0001 .. SPDX-License-Identifier: GPL-2.0
0002
0003 =======
0004 The TLB
0005 =======
0006
0007 When the kernel unmaps or modified the attributes of a range of
0008 memory, it has two choices:
0009
0010 1. Flush the entire TLB with a two-instruction sequence. This is
0011 a quick operation, but it causes collateral damage: TLB entries
0012 from areas other than the one we are trying to flush will be
0013 destroyed and must be refilled later, at some cost.
0014 2. Use the invlpg instruction to invalidate a single page at a
0015 time.
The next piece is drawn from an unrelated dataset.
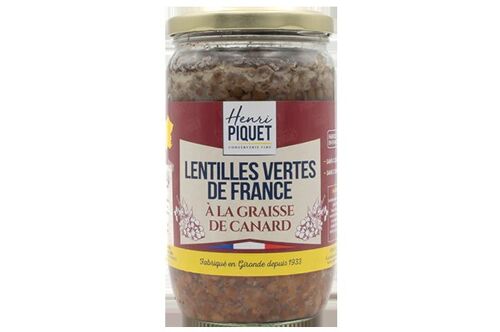 Lentilles vertes de France cuisinées à la graisse de canard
This could potentially cost many more instructions, but
0016 it is a much more precise operation, causing no collateral
0017 damage to other TLB entries.
0018
0019 Which method to do depends on a few things:
0020
0021 1. The size of the flush being performed. A flush of the entire
0022 address space is obviously better performed by flushing the
0023 entire TLB than doing 2^48/PAGE_SIZE individual flushes.
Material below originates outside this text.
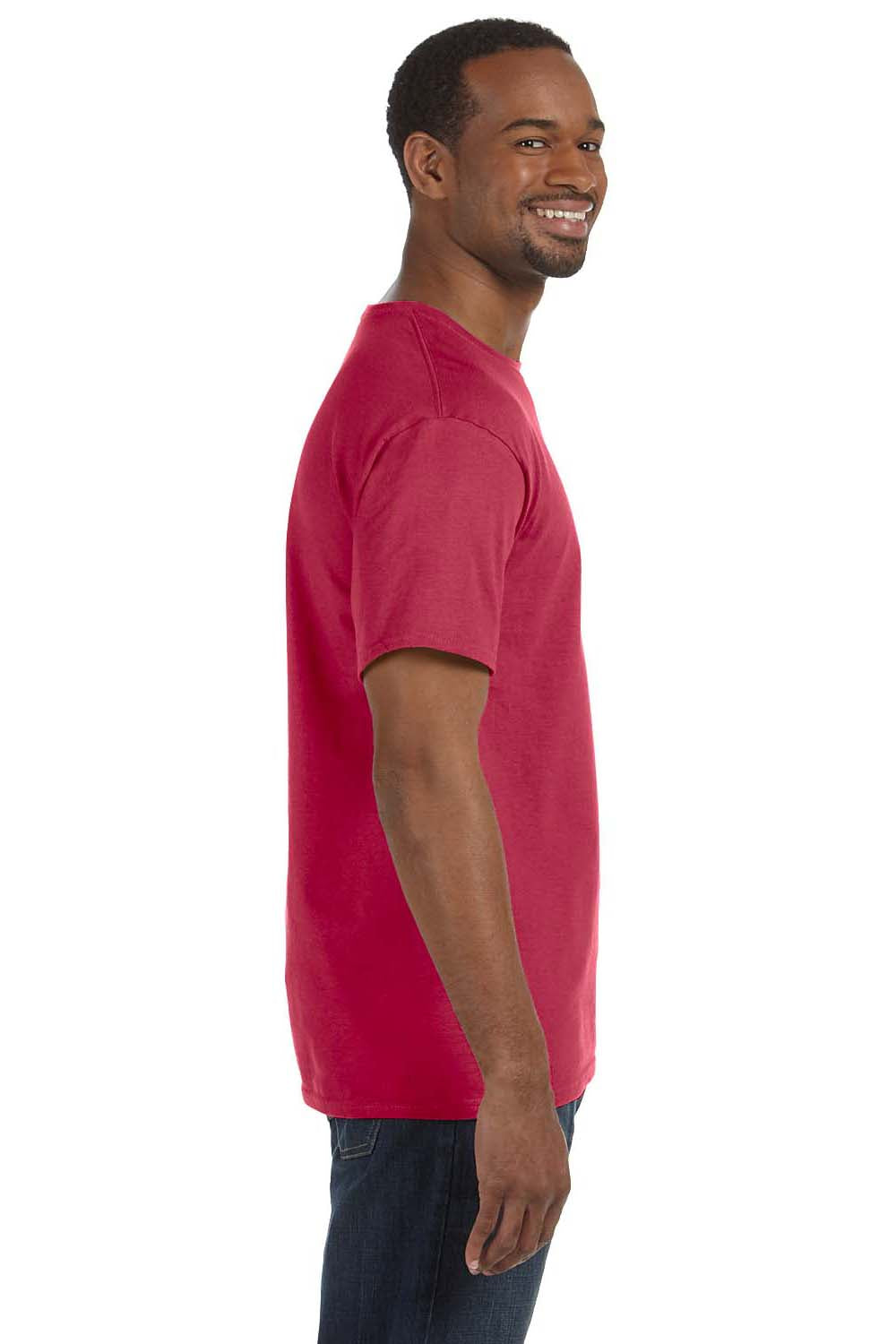 Jerzees 29M Mens Dri-Power Moisture Wicking Short Sleeve Crewneck T-Shirt Heather Red Side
0024 2. The contents of the TLB. If the TLB is empty, then there will
0025 be no collateral damage caused by doing the global flush, and
0026 all of the individual flush will have ended up being wasted
0027 work.
0028 3. The size of the TLB. The larger the TLB, the more collateral
0029 damage we do with a full flush. So, the larger the TLB, the
0030 more attractive an individual flush looks. Data and
0031 instructions have separate TLBs, as do different page sizes.
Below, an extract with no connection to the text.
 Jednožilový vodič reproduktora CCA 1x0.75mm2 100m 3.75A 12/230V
0032 4. The microarchitecture. The TLB has become a multi-level
0033 cache on modern CPUs, and the global flushes have become more
0034 expensive relative to single-page flushes.
0035
0036 There is obviously no way the kernel can know all these things,
0037 especially the contents of the TLB during a given flush. The
0038 sizes of the flush will vary greatly depending on the workload as
0039 well. There is essentially no "right" point to choose.
0040
0041 You may be doing too many individual invalidations if you see the
0042 invlpg instruction (or instructions _near_ it) show up high in
0043 profiles. If you believe that individual invalidations being
0044 called too often, you can lower the tunable::
0045
0046 /sys/kernel/debug/x86/tlb_single_page_flush_ceiling
0047
0048 This will cause us to do the global flush for more cases.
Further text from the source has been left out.